The Sinclair Broadcast Group headquartered in Hunt Valley owns and operates the most television stations across the United States. Including pending deals, according to the Wall Street Journal, Sinclair owns 118 stations and operates 45 stations it doesn’t own.
Sinclair manages this feat through ‘sidecar deals’ that allow companies to manage television stations it doesn’t own. Another term for these sidecar deals is “outsourcing agreements,” which a Free Press report published this month says are “designed to evade [Federal Communications Commission] rules.”

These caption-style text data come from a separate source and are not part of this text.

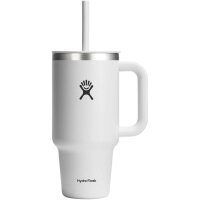 Hydro Flask 32 OZ ALL AROUND TRAVEL TUMBLER WHITE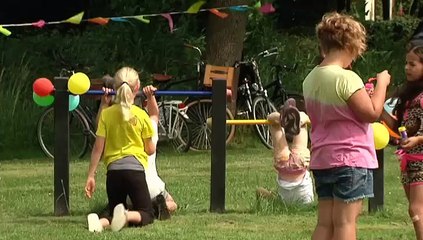 Roodkapje zeker niet bang voor Hongerige Wolf - RTV Noord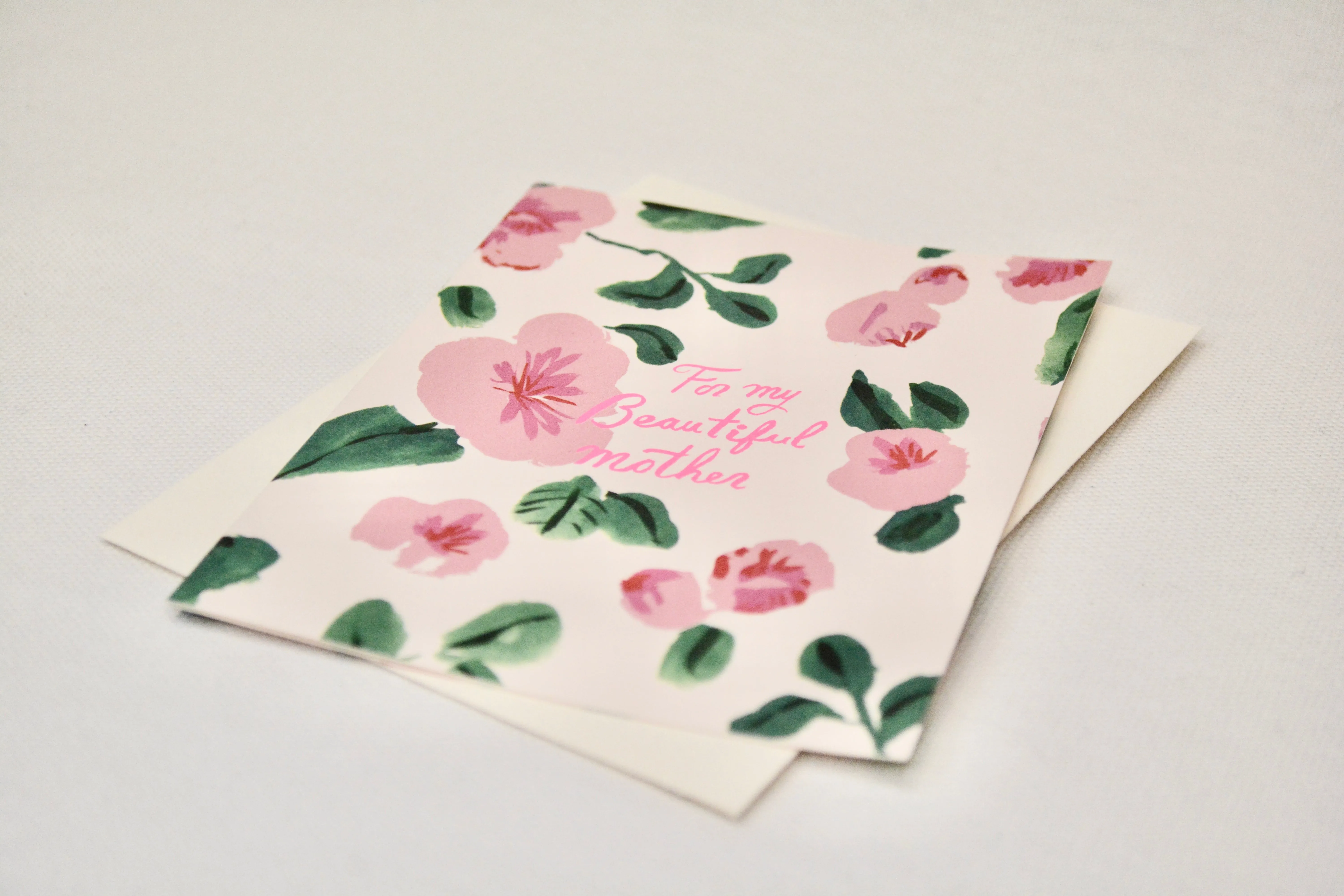 'For My Beautiful Mother' Card sold by Small Mercies product image thumbnail 2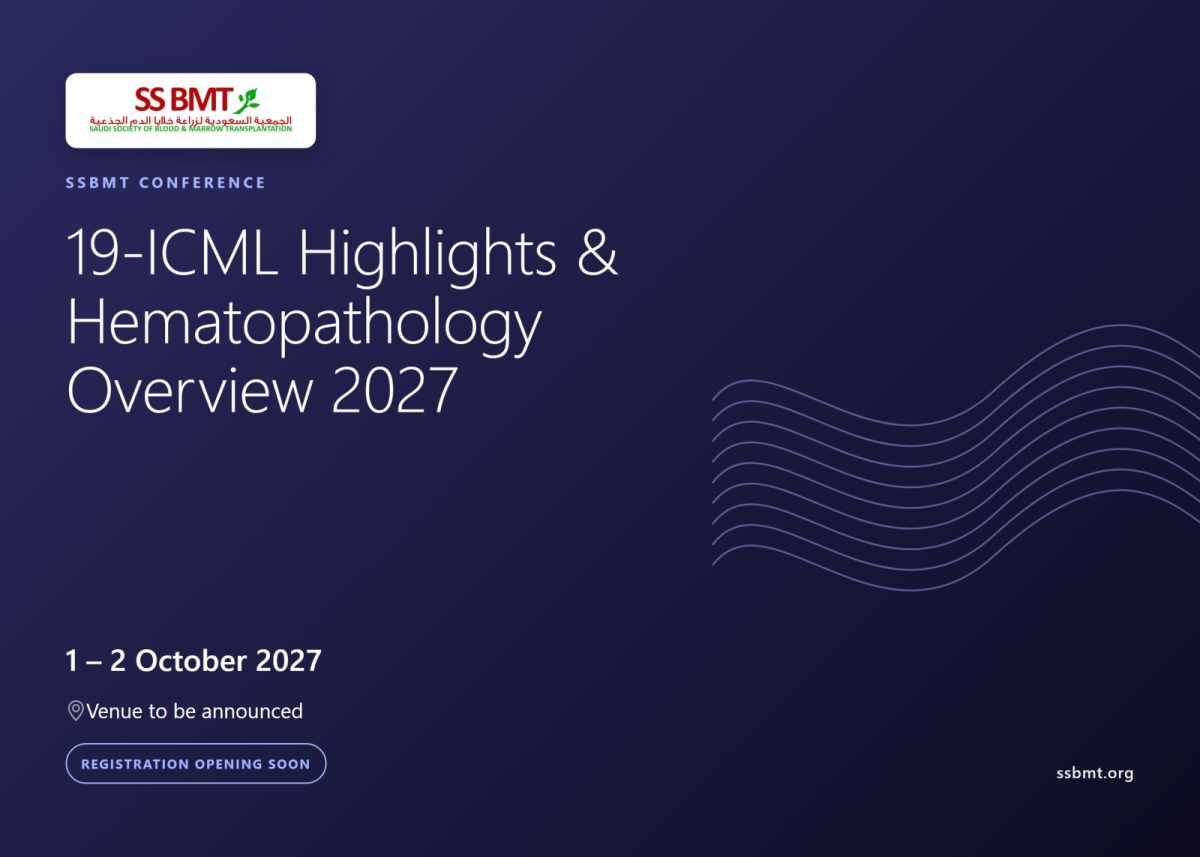 Poster: 19-ICML Highlights & Hematopathology Overview 2027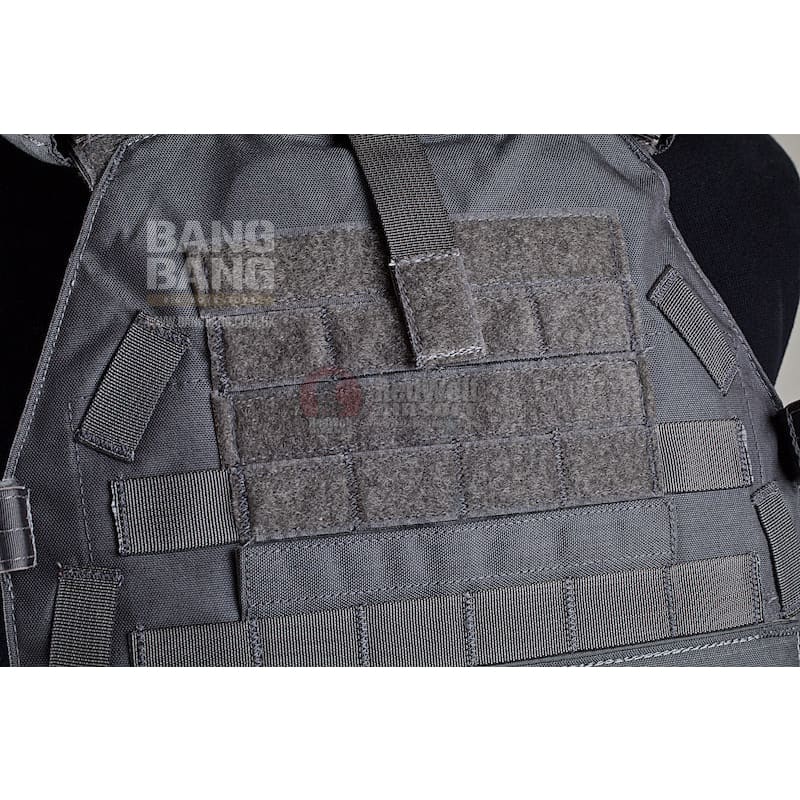 LBX Tactical Modular Plate Carrier - Wolf Grey - Bang Bang Airsoft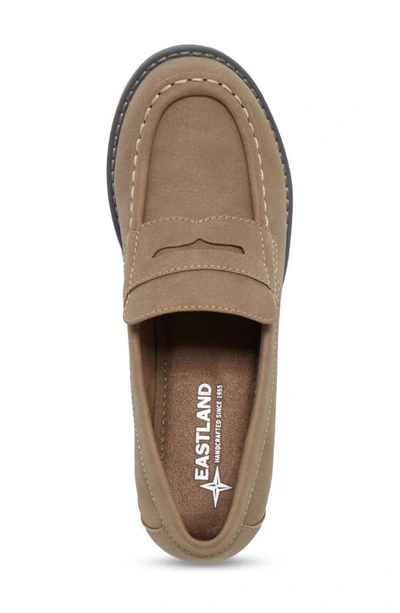 Eastland Holly Penny Loafer In Light Tan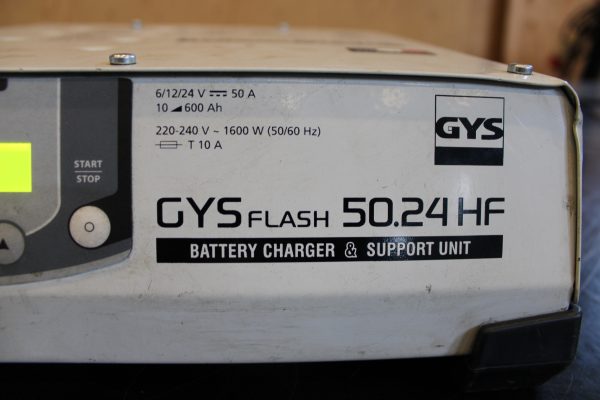 GYS Flash 50.24HF akkulaturi 2 kpl (TK90) - Image 6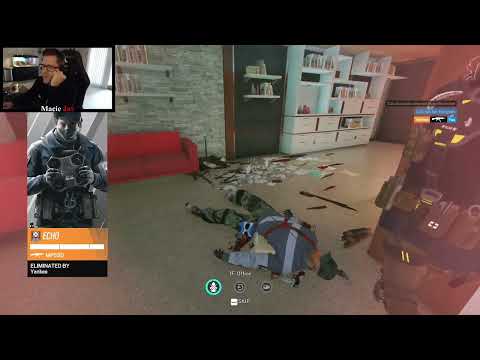 Q TIMING RUIM KKKK, AZAR DMS, QUANDO ELE ENTROU O CARA DROPOU - MELHORES MOMENTOS RAINBOW SIX SIEGE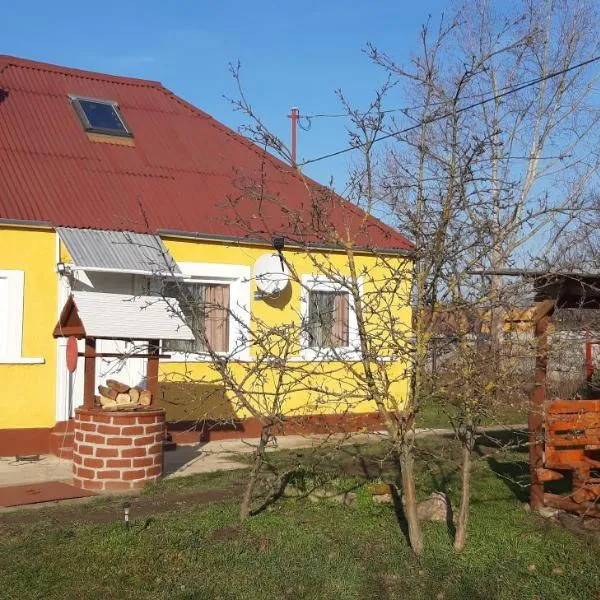 Akácvirág Vendégház, hotel in Ács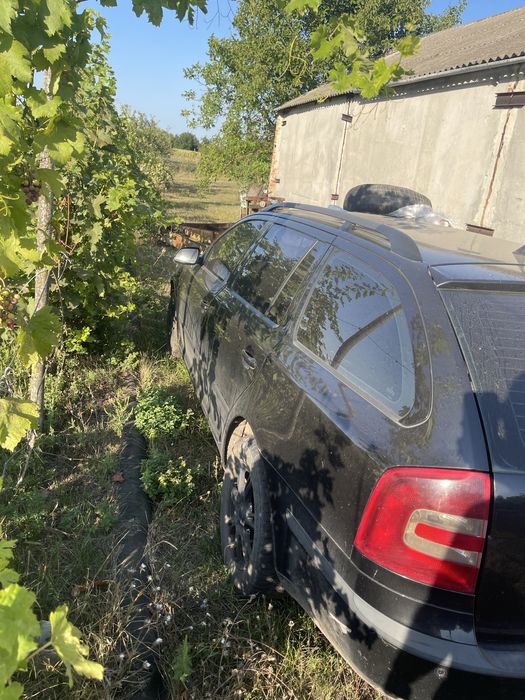 Шкода а5 1.9 після дтп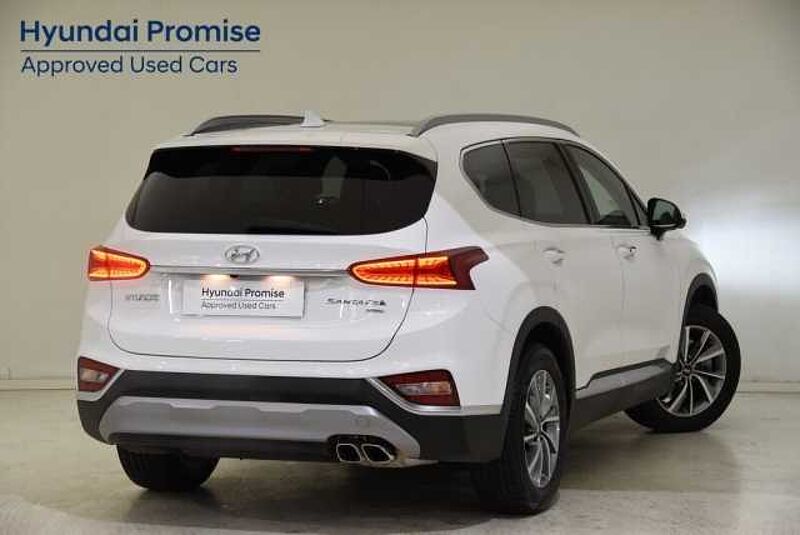 Hyundai Santa Fe Diesel Santa Fe Tm 2.2CRDi Style DS 4x4 Aut.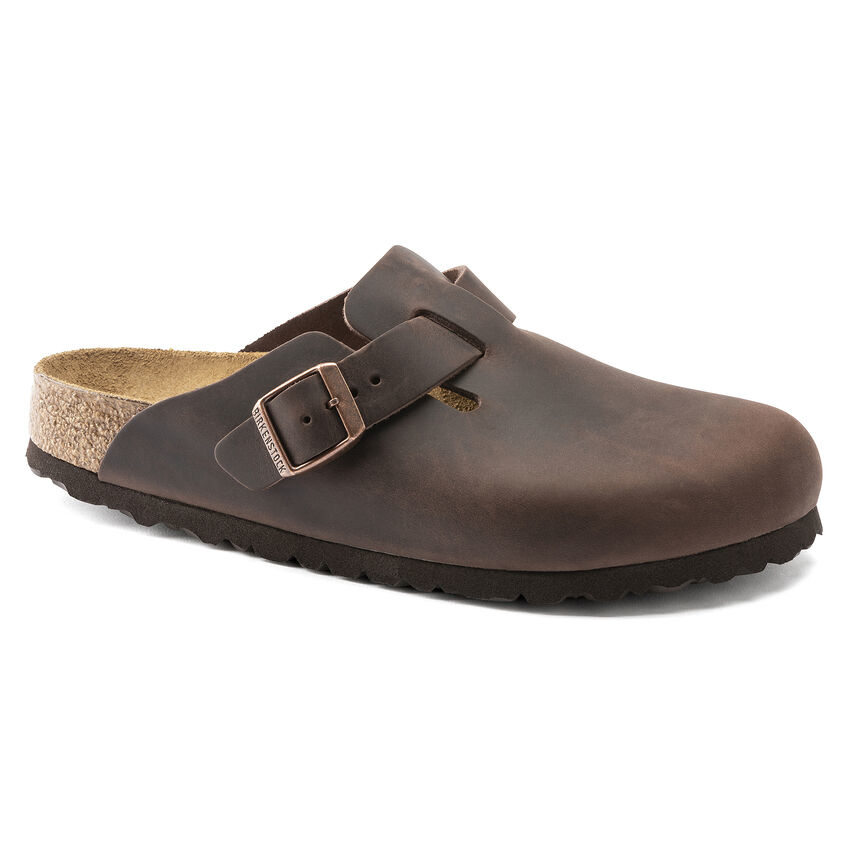 BIRKENSTOCK W BOSTON OILED LEATHER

The deals are either vital workaround agreements for TV stations to compete in an era of increasingly web-based programming, or loopholes that “violate the spirit” of Federal Communications Commission ownership rules. The Wall Street Journal reports:
Opponents of media consolidation say broadcasters use sidecar agreements as loopholes that let them violate the spirit of FCC ownership rules, which the agency says promote “competition, localism and diversity.”
When one owner manages multiple stations in a market, they say, it reduces local-news quality and variety, and drives up pay-TV bills.
Read the full Wall Street Journal story here.
The Free Press report says Sinclair is “leading the wave of [TV station] consolidation,” meaning that if the FCC approves all of Sinclair’s pending deals, stations owned by the broadcast company “will reach 38.8 percent of the national audience, up from just 22 percent two years ago.”
At least one Baltimore-based startup is looking to capitalize on Sinclair’s rapid expansion: crime-mapping website SpotCrime.com is “hoping to expand” with Sinclair, ensuring that the startup’s crime-mapping widget will be placed on Sinclair-associated news websites.